Durante cinco meses, meninos foram forçados a fazer sexo oral em um número desconhecido de militares da França, segundo depoimentos colhidos pela ONU.
Os garotos, com idades entre 9 a 15 anos, disseram que às vezes eram atraídos com a promessa de receber comida.
Quase um ano depois de as acusações surgirem, ninguém sofreu acusações formais nem foi punido.
O caso ilustra um problema permanente nas operações internacionais de paz: como as forças estrangeiras podem ser responsabilizadas quando, em vez de protegerem civis em zonas de conflito, lhes fazem mal?
Independentemente de as forças de paz servirem às Nações Unidas ou estarem sob os seus próprios comandos nacionais —como no caso das forças francesas em Bangui—, cabe aos países de origem dos soldados investigar e processar esses casos.
A ONU não possui autoridade jurídica para processar e punir soldados.
A França anunciou uma investigação oficial sobre as acusações.
No entanto, em muitos casos, os países não respondem a consultas da sede da ONU sobre como —ou mesmo se— investigam seus soldados no exterior, segundo uma recente auditoria interna obtida pelo “The New York Times”.
Quando os países chegam a punir seus militares, as sanções variam amplamente.
A auditoria constatou que, de todas as acusações de abuso sexual apresentadas entre 2008 e 2013 contra o pessoal da ONU, tanto militares como civis, cerca de um terço envolvia crianças.
No entanto, há uma longa lista de fatores que contribuem para a impunidade, segundo constatou a auditoria: as investigações emperram na burocracia, os comandantes não são responsabilizados pelo que acontece em suas fileiras e a forma mais comum de punição está em devolver os soldados aos seus países de origem e proibi-los de servir em missões futuras.
A auditoria, realizada pelo Departamento de Supervisão Interna, descobriu que, apesar da promessa da ONU de tolerância zero contra abusos e exploração sexual por parte dos soldados das forças de paz, a aplicação efetiva “é dificultada por uma estrutura complexa, atrasos prolongados, resultados variáveis e desconhecidos e uma assistência seriamente deficiente”.
Funcionários da ONU apontam sinais de melhora. As denúncias de abuso sexual envolvendo as forças de paz diminuíram, dizem. No entanto, eles admitem que a subnotificação é um problema.
Eles argumentam que os países que contribuem com soldados estão melhorando no que diz respeito a responsabilizar os culpados e a informar a ONU sobre isso.
O abuso sexual por forças de paz não atinge apenas as missões da ONU. A ONG de direitos humanos Human Rights Watch compilou um relatório sobre casos de estupro e exploração sexual cometidos em 2012 e 2013 por forças da União Africana na Somália.

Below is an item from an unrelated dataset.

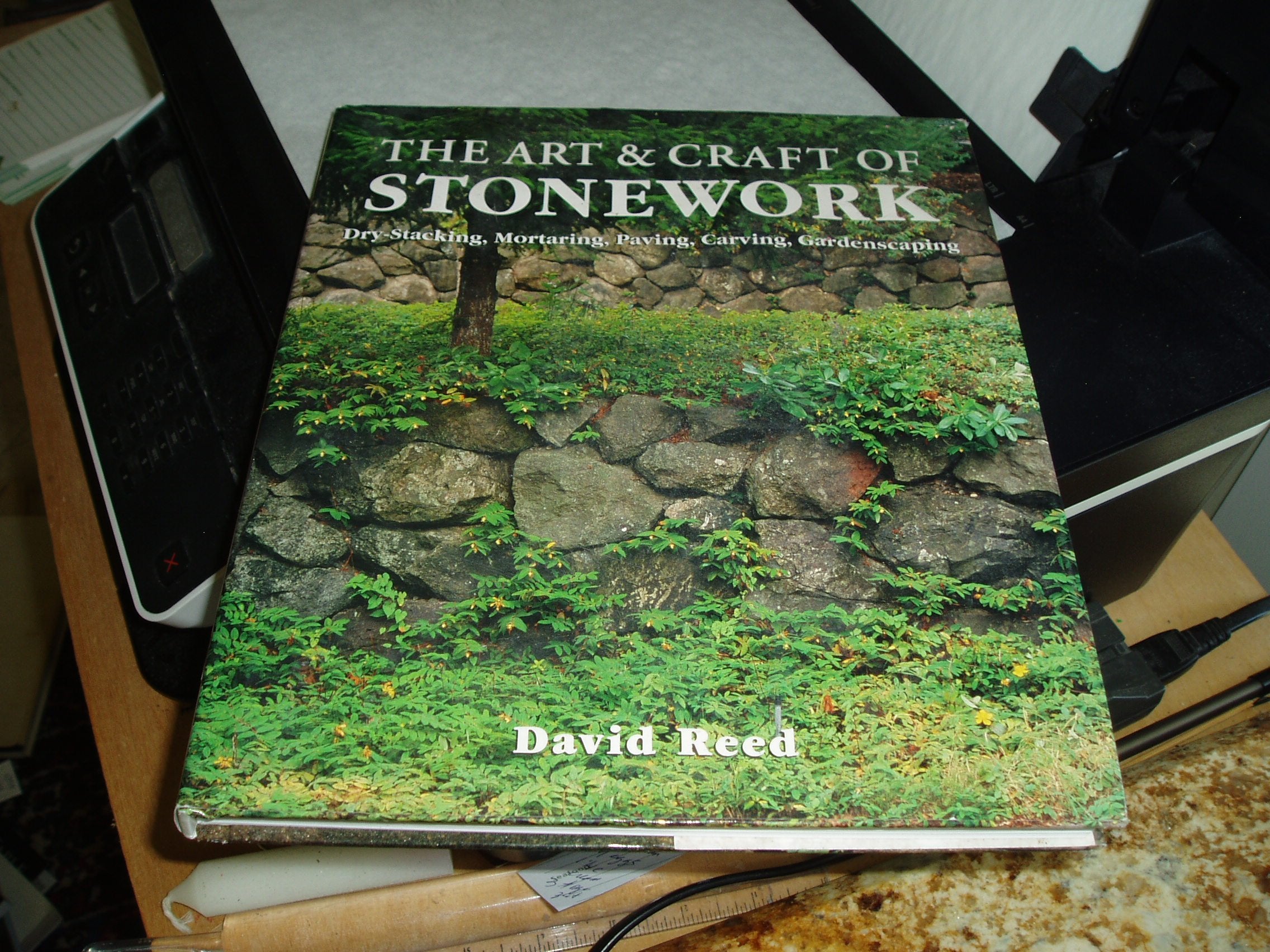 The Art & Craft of Stonework: Dry-Stacking, Mortaring, Paving, Carving, Gardenscaping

A UA investigou as acusações, prometendo tolerância zero, mas disse que não poderia fundamentar a maioria dos casos, porque os soldados acusados já haviam voltado aos seus países.
No caso da República Centro-Africana, autoridades francesas e da ONU se culpam mutuamente pela demora na investigação.
De acordo com os depoimentos das crianças, os supostos abusos começaram em dezembro de 2013.
Em maio de 2014, o departamento de direitos humanos da ONU nomeou um funcionário em Bangui para ouvir as crianças.
Em meados de julho, o relatório foi submetido a um diretor de operações de campo da ONU, que afirmou ter informado seu chefe sobre as conclusões e entregado o relatório a diplomatas franceses.
Porém, só em 28 de março deste ano a ONU enviou uma cópia oficial do seu inquérito de Bangui ao governo da França.
Nesse mesmo mês, o secretário-geral da ONU, Ban Ki-moon, recomendou celeridade nas investigações, a criação de um fundo de apoio às vítimas e a execração pública de países que não informam como investigam e punem seus militares. “Tolerância zero [contra abusos sexuais]”, disse Ban, deve significar colaborar com os governos “para garantir que os infratores sejam responsabilizados por medidas financeiras, disciplinares e/ou de responsabilização penal”.
Dois meses depois, a história dos soldados franceses na República Centro-Africana veio à tona.